Not to be confused with the comedian who goes by the single name Gallagher, nor the Dave Chappelle Gallagher parody character, Black Gallagher, Jack Gallagher does not use props in his comedy. He is the author and performer of eight critically acclaimed one-man shows: Letters to Declan (1993), Just the Guy (2002), What He Left (2006), A Different Kind of Cool (2010), Complete and Unfinished (2013) "5 Songs" (2015), "Concussed: Four Days In The Dark" (2017) and "A Stand-up Guy" (2019).
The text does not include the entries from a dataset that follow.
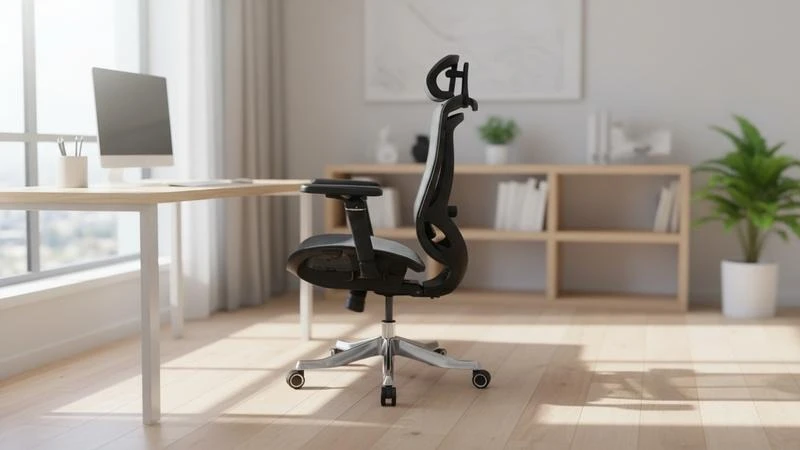 Ngồi cả ngày vẫn thoáng lưng với lưới Flow Mesh, tựa lưng 2D ôm sát - Hyperwork Airy Pro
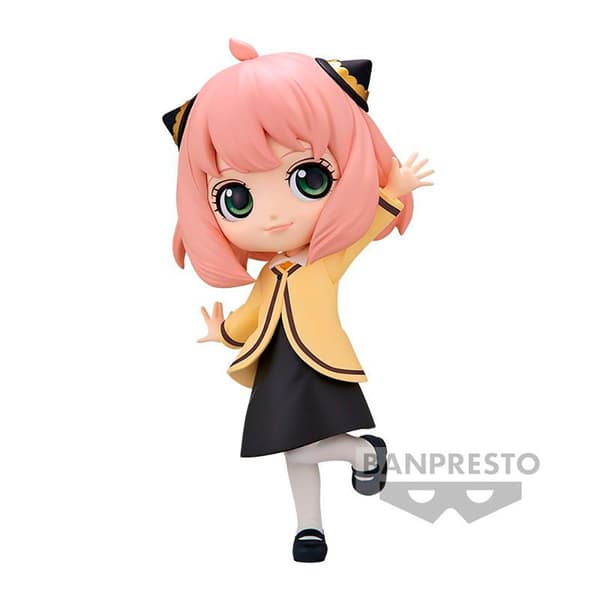 Banpresto Figur Q Posket Spy X Family Going Out Anya Forger 13 Cm Gul
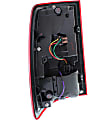Driver and Passenger Side LED Tail Lights, with Bulbs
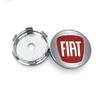 4Pcs 60mm Badge Emblem Car Wheel Center Cap Logo Hub Cover for Fiat Abbas 500 500L 500X 124 Aegea MobiPanda Tipo Sedici Centoventi Fiorino Qubo Toro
Gallagher became a regular at the Improv in Los Angeles and appeared on The Tonight Show with both Johnny Carson and Jay Leno, as well as appearances on Late Night with Conan O'Brien before launching an acting career in the movie Shakes the Clown with Bobcat Goldthwait. His other films include Heartbreak Ridge with Clint Eastwood and the made-for-television Incident at Ruby Ridge.

Gallagher briefly starred in his own sitcom, Bringing up Jack on ABC. He can now be seen as the co-host of the syndicated Public Television series MoneyTrack. Gallagher grew up and graduated from high school in West Bridgewater, Massachusetts and lived for many years in Sacramento, California with his wife Jean Ellen and two sons, Declan and Liam.

In 2024, the Gallagher family quietly began the process of moving "home," to the Cape Cod region of Massachusetts. In the spring of 2026, Jack Gallagher presented An Irish Goodbye, his "last one-man show" at the B Street Theater in Sacramento. In that show, Jack stated that his son Declan is married and living in Liverpool. His son Liam expressed some reluctance to leave Sacramento, but decided he'd give Massachusetts a shot. On March 17, 2026, Jack and Declan discussed life, the move, and the show at B Street with Kitty O'Neal at talk radio station KFBK.